IN MY SHOES: What It’s Like To Live On $7.25 Per Hour
The debate continues to rage over the microeconomic effects on individual firms and businesses of raising the minimum wage from the current, $5.15 an hour, to $7.25 an hour. The Washington Post details a payday in the life of Robert Iles, 22, an Atchison, KS, store cashier who’s been living on $7.25 per hour for almost a year now – his boss had given him a raise last February:
"[I]nside I was doing the cha-cha-cha. It was like going from lower class to lower middle class."
Soon after, he bought his car, a used 2005 Dodge Neon, and just about every workday since then he has spent his lunch break in the driver's seat, eating a bologna sandwich with the engine off to save gas, even in winter. An hour later, he was back behind the cash register, telling customers "Thank you and have a nice day" again and again. …
Iles lives with his disabled father (legally blind, with both feet partially amputated due to diabetic complications and battling leukemia) and his mother (a former nursing home aide who quit her $6.50-per-hour job to care for her husband) in "an old trailer" with no heat and sporadically available hot water – and a bedroom ceiling that’s caving in. Iles told the Post, "We're pretty much living off my money."
Seven dollars and twenty-five cents an hour comes to $15,080 per year - $900 per month. After paying his bills, Iles "very rarely" has money for himself:
$313 for the car loan and $100 for car insurance; an additional $90 for the 1995 car with 135,000 miles on it he is buying for his mother; $150 for the family phone bills; $35 on his credit card; $100 for gas; $100 toward the mortgage on the trailer; and $20 in doctors' bills.
It’s quitting time, and Isles has $70 in "in a wallet that had been empty that morning," and he wants to treat his family to chimichangas, plus take care of a few expenses:
[H]e headed to a grocery store where for $4.98 he bought not only 10 chimichangas but two burritos as well.
From there he stopped at a convenience store, where for $16.70 he filled the gas tank of [his] car; then he went to another grocery store, where he got a $21.78 money order to pay down some bills, including $8,000 in medical bills from the day he accidentally sliced open several fingers with a knife while trying to cut a tomato; and then he headed toward the family trailer 19 miles away, where his parents were waiting for dinner. …
[I]n a matter of minutes was already down to $26.54 …

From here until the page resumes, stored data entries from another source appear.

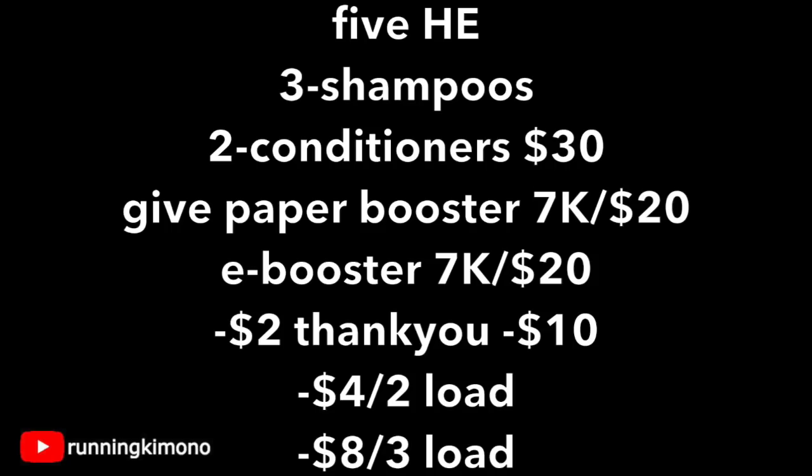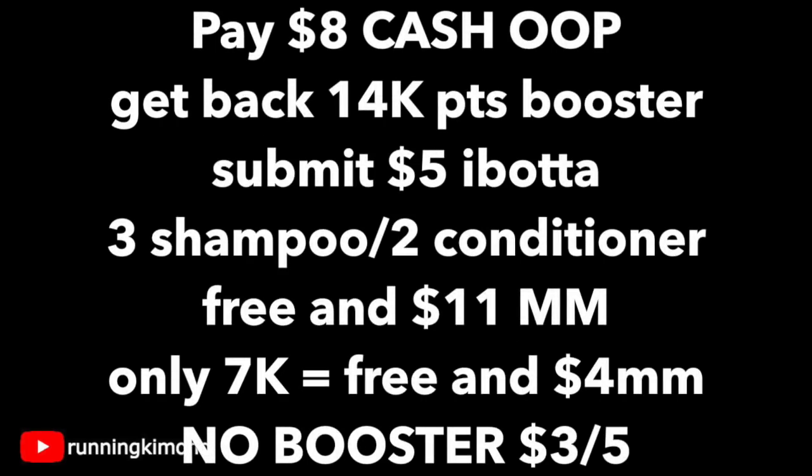You're going to give your cashier that 7,020 booster. The e-coupons will be subtracted right here — $10 for the thank you, along with the $4 off two and the $8 off three — along with that 7,020 booster will also be activated. After all of these come off, you are going to pay $8 cash out of pocket, and you have to pay cash for this deal.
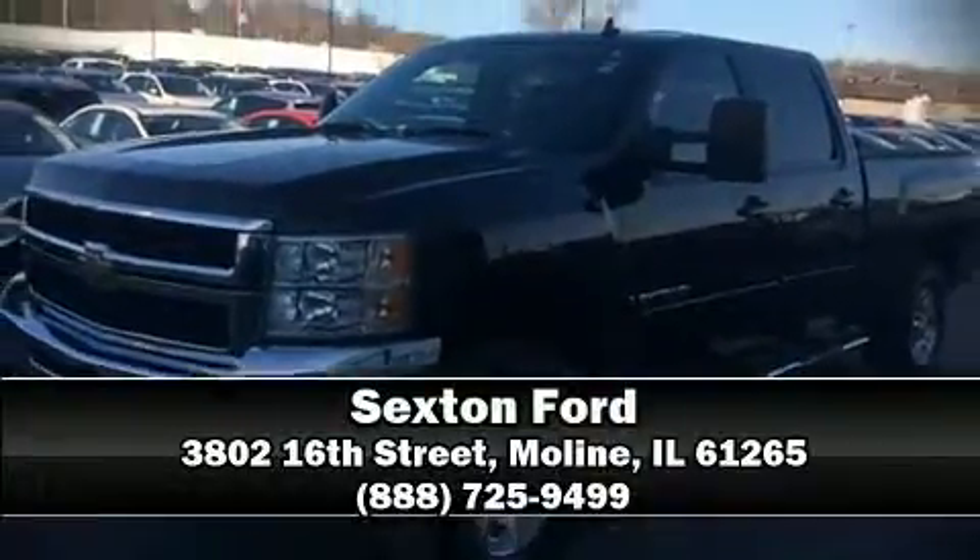Our sales reps are knowledgeable and professional. Come on in and take a test drive.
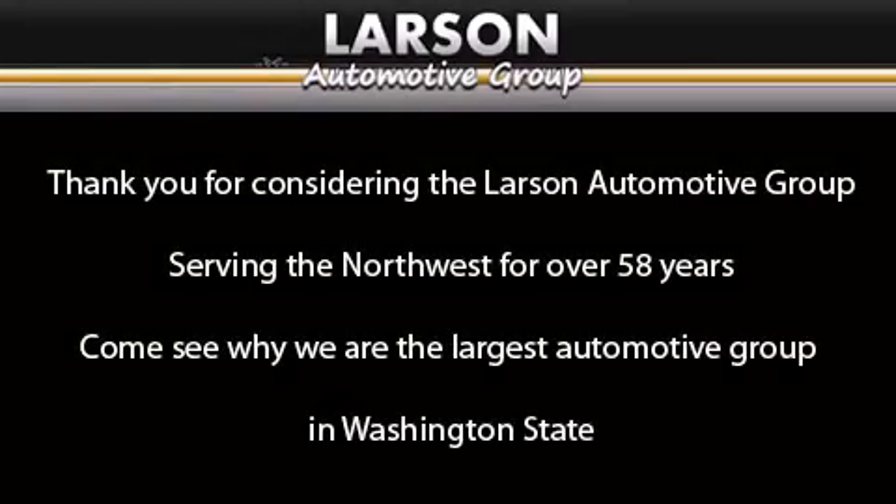Thank you for considering the Larson Automotive Group, serving the Northwest for over 58 years. Come see why we are the largest automotive group in Washington State.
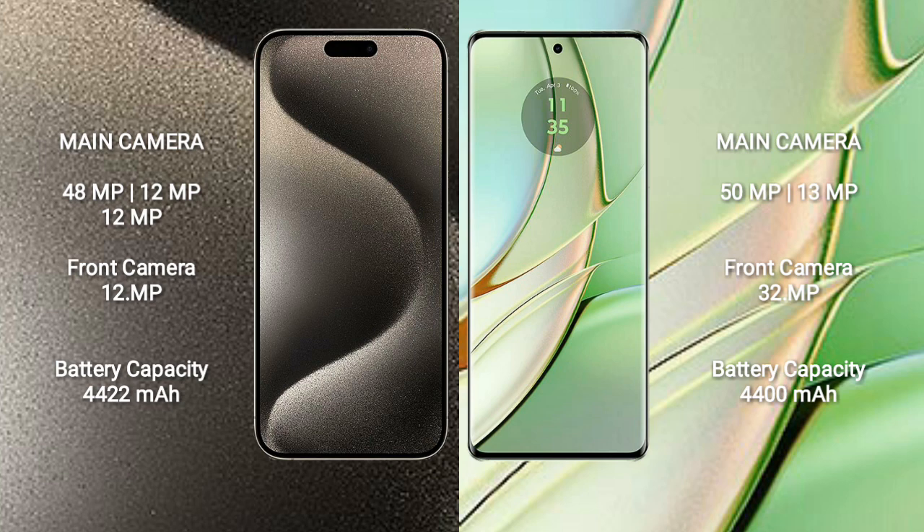The iPhone 15 Pro Max features a triple rear camera setup: 48 megapixel plus 12 megapixel plus 12 megapixel, and a 12 megapixel front camera. The Motorola Razr 40 features a dual rear camera setup: 15 megapixel plus 13 megapixel, and a 32 megapixel front camera.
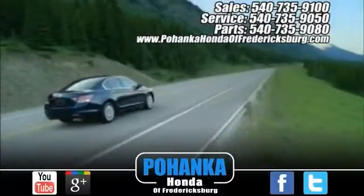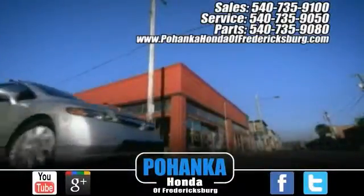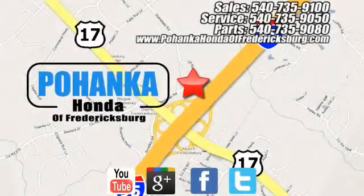Bohanka Honda of Fredericksburg is a great place to buy a car, conveniently located at 60 South Gateway Drive in Fredericksburg.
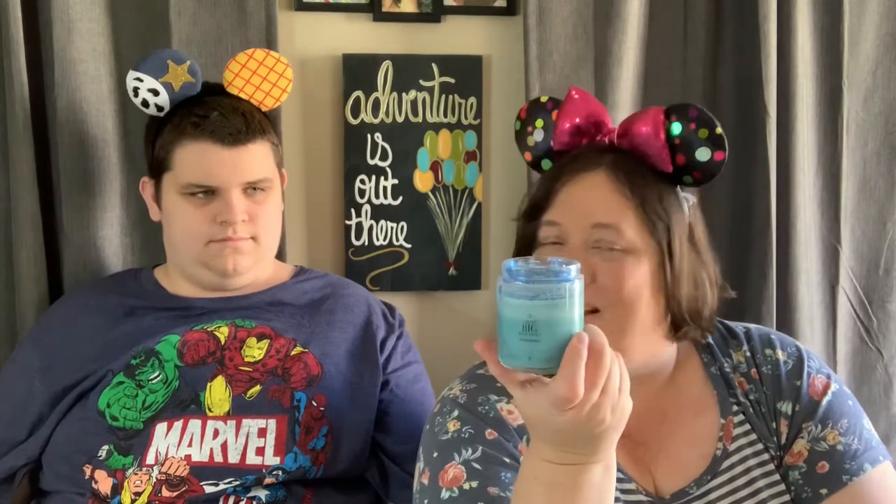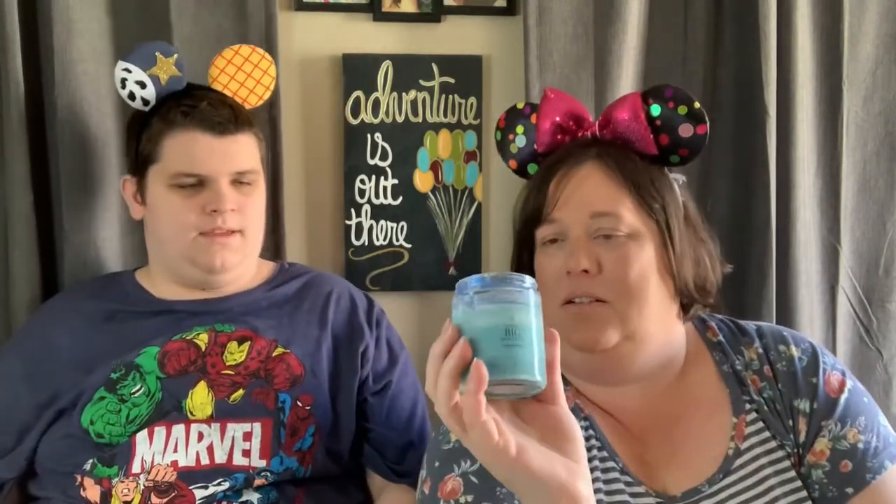Our favorite by far is 'A Wonderful Thought' — it smells really good, like lemon and lime and cotton candy together. We will be burning that one to the very end. Our second favorite is 'A Great Big Beautiful Tomorrow.' My daughter really loves this one — it's a fresh, slightly floral, really pretty and very subtle scent. All of these candles are very subtle, so if you like strong candle scents, these are probably not for you.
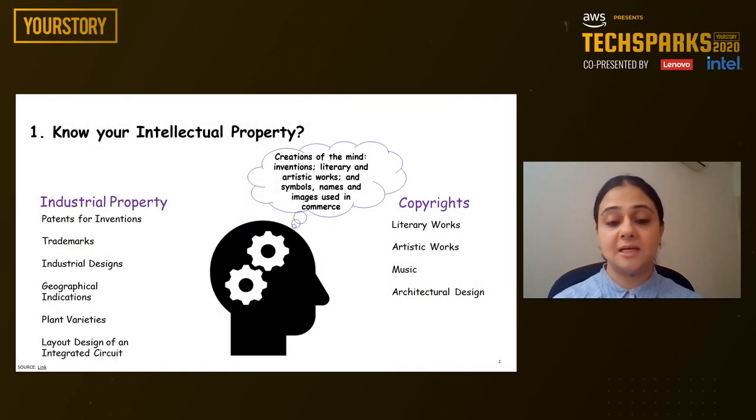Know your intellectual property. As a first step, any startup should take a stock of all the intellectual property that they have created or are in the process of creating. Once these assets are evaluated, then decide on the types of IP protection you need. The question that you may ask is, how is intellectual property defined and what constitutes intellectual property?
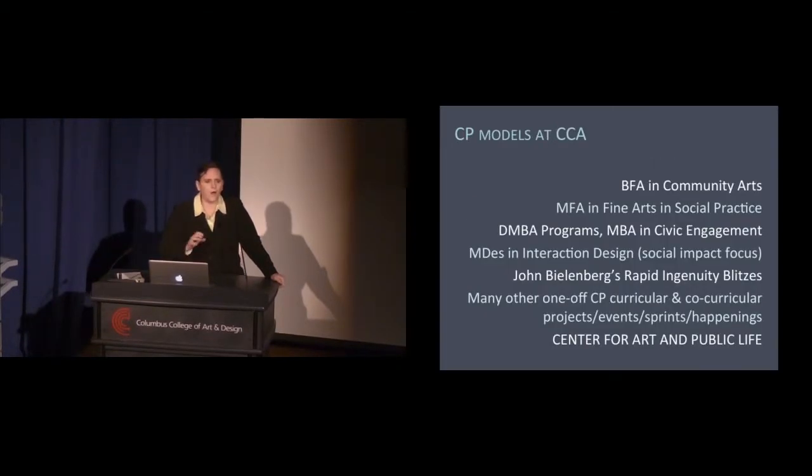CP models at CCA run the gamut. We have a BFA in community arts, an MFA in fine arts in social practice, a suite of design MBA programs including an MBA in civic engagement, and a new MDES in interaction design starting in the fall with a focus on social impact. We've also partnered with designer John Bielenberg, who is bringing Project M to CCA and running rapid ingenuity blitzes for our students. We also have many other one-off CP curricular and co-curricular projects, events, sprints, and happenings. And we have the Center for Art and Public Life.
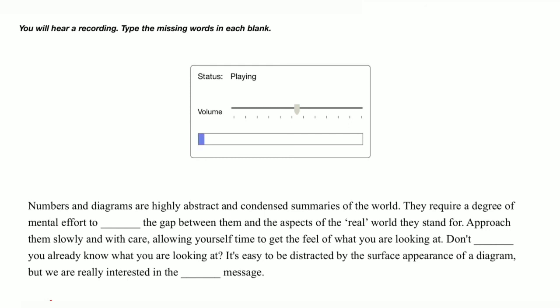Numbers and diagrams are highly abstract and condensed summaries of the world. They require a degree of mental effort to bridge the gap between them and the aspects of the real world they stand for. Approach them slowly and with care, allowing yourself time to get the feel of what you are looking at. Don't assume you already know what you're looking at. It's easy to be distracted by the surface appearance of a diagram, but we are really interested in the underlying message.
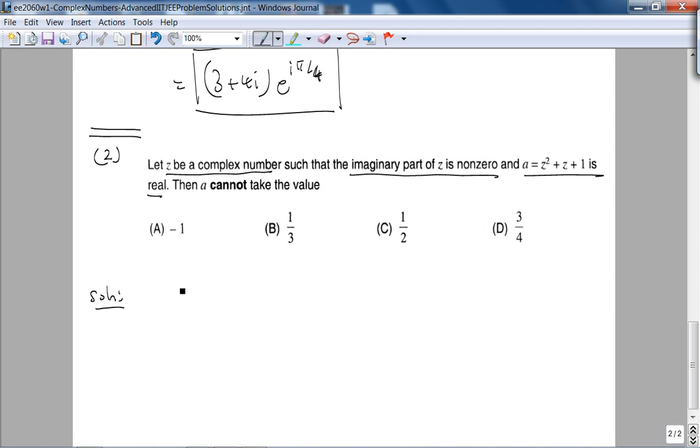Z is a complex number, so what form should I write it in? Since I'm looking at the imaginary part, standard form makes sense. Notice: I'm being mindful not to write z as a + ib, because the problem is already using the letter a. If I did, we'd be stuck. So z = x + iy.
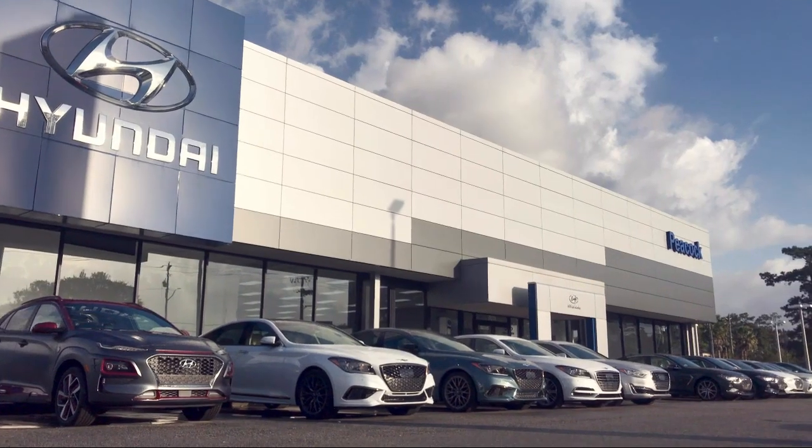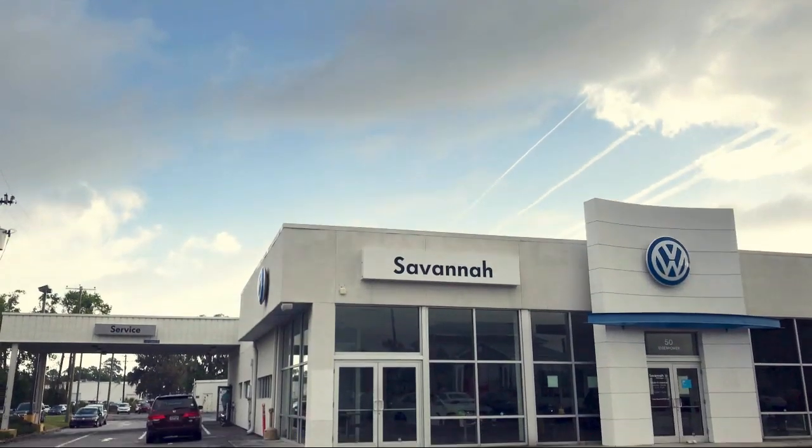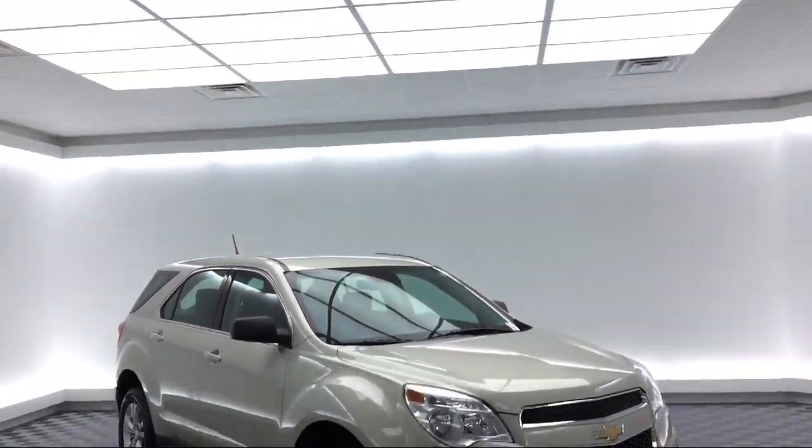Welcome to the Peacock Hyundai of Savannah, and here's a look at another one of our great vehicles from our extensive inventory.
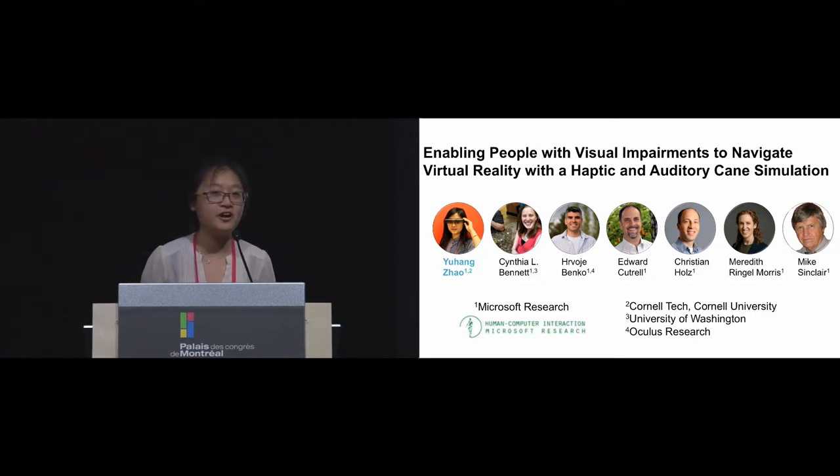Hi everyone. My name is Yuhang. I'm from Cornell Tech. Today I'm going to present our design of a VR controller that enables people with visual impairments to physically navigate virtual reality with haptic and auditory feedback. This work is from Microsoft, collaborated with Cindy Bennett, Banco, Ed Kochel, Christian House, Mary Morris, and Mike Sinclair.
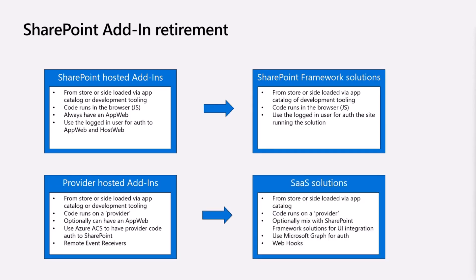For provider hosted add-ins, that basically means you are looking into doing a SaaS solution or a web application secured by Azure AD — not as a provider hosted add-in, but as an application registered in Entra ID or Azure AD. One thing to call out is that remote event receivers are impacted as well, and the intention there is to use webhooks. There's no exact match for some remote event receiver capabilities, but additional guidance will be provided in the future.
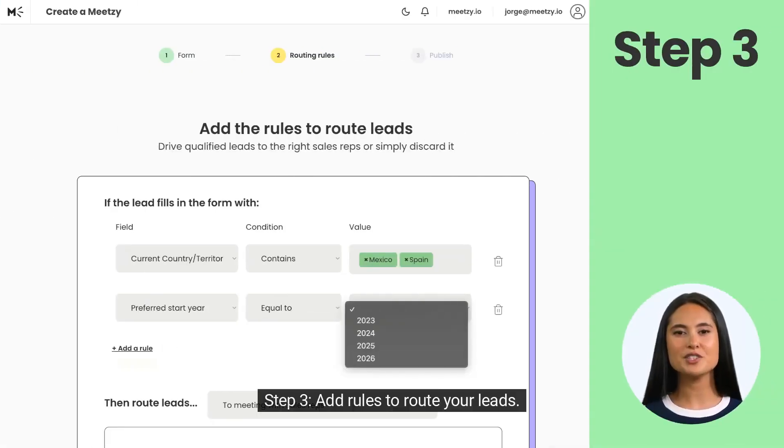Step 3. Add rules to route your leads. Specify criteria for team or department allocation.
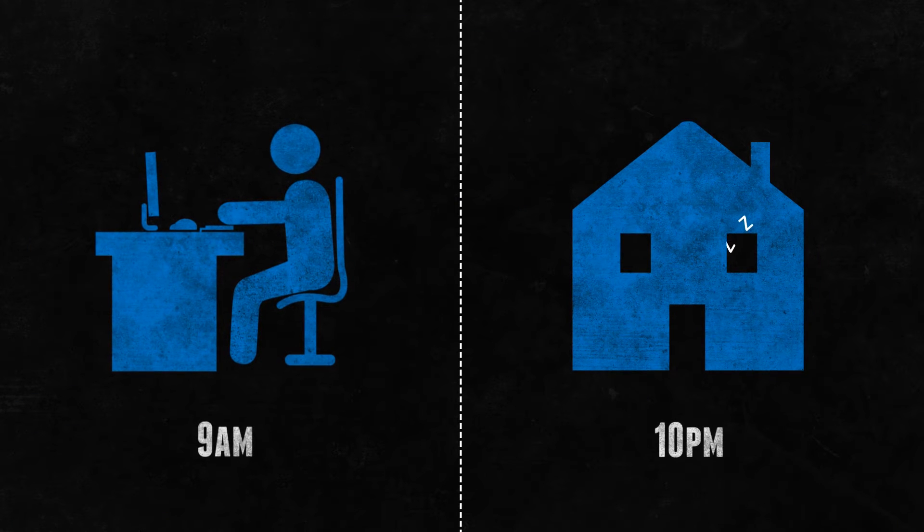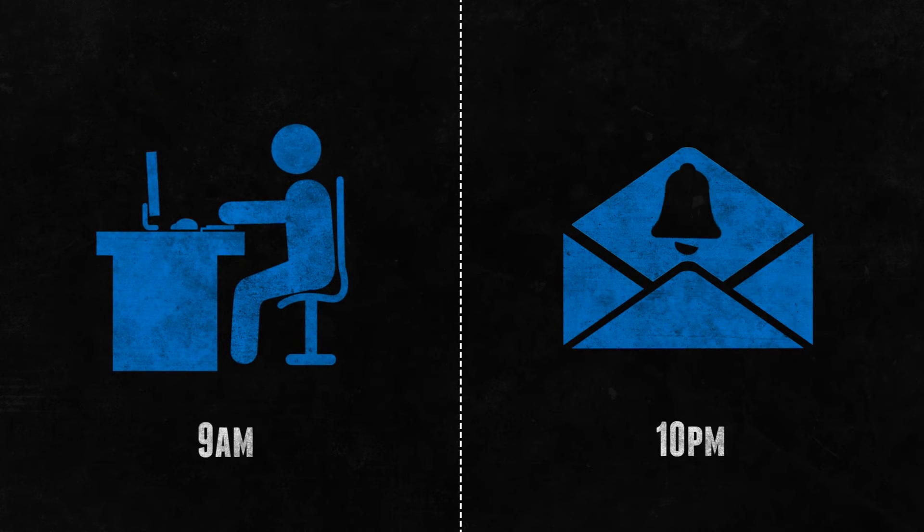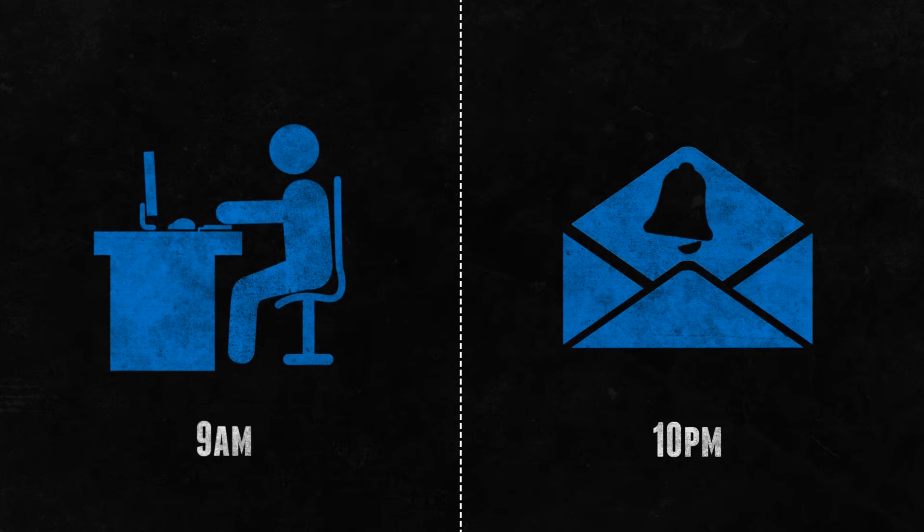Sometimes not everyone can meet at once, and that's why Studio lets you mark up files anytime and send a notification from a desktop or tablet PC, so your fellow collaborators can receive an email alert letting them know you've left your feedback.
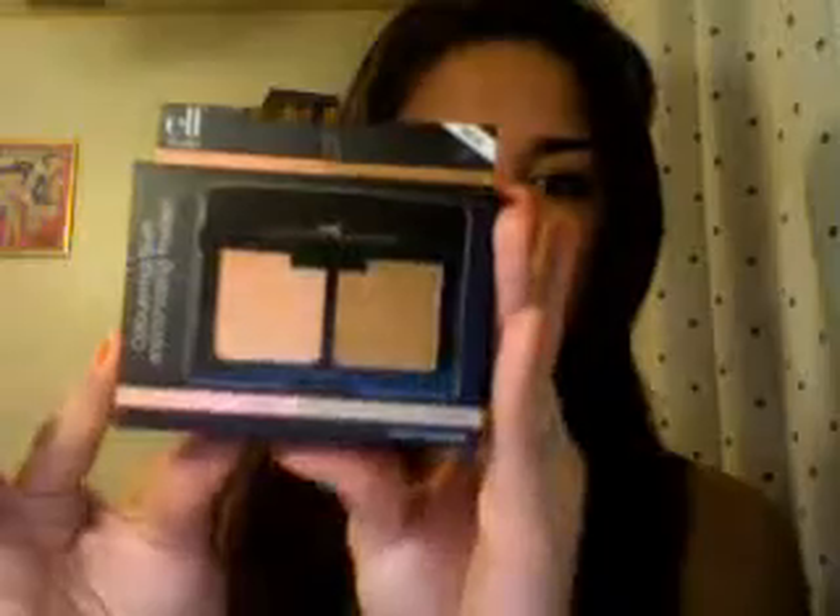So I bought the Shimmering Facial Whip in Lilac Petal, just a liquid highlighter. And the Contouring Blush and Bronzing Powder from the Studio line. I was going to buy the blush brush, but I was like I don't really need it — but it was so soft.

Editorial Note: This young man should be going out with his friends now and then for a beer or a ballgame, taking his special girl out to dinner and a movie once a week and saving up for his own home – even if it’s "just" a trailer. Instead, he lives a life of quiet desperation due to Dickensian family circumstances, unable to live or plan past payday. The Stiletto admits his story made her cry.
Instead of focusing on the microeconomics of raising the minimum wage, we should focus on the microeconomics of illegal immigration. If companies of all sizes stopped hiring illegal aliens to do jobs that Americans are eager to do, pockets of labor shortages in certain industries and locations will occur. The law of supply and demand will force affected employers to hire Americans at $7.25 an hour - or even a bit higher – to fill those jobs. Sure, the costs will eventually be passed on to consumers. But the lives of our fellow Americans at the bottom of the economic ladder will be a bit better. And the money these employees earn will be spent right here in America – not sent back to Mexico by the fistfuls – which, in turn will boost the local economies of towns like Atchison instead of destroying them.
The Stiletto has a message for Nancy "Pay-Go" Pelosi: To offset the amount consumers will ultimately PAY for the minimum wage increase by shelling out more for goods and services, use any legislative means necessary to make illegal aliens GO.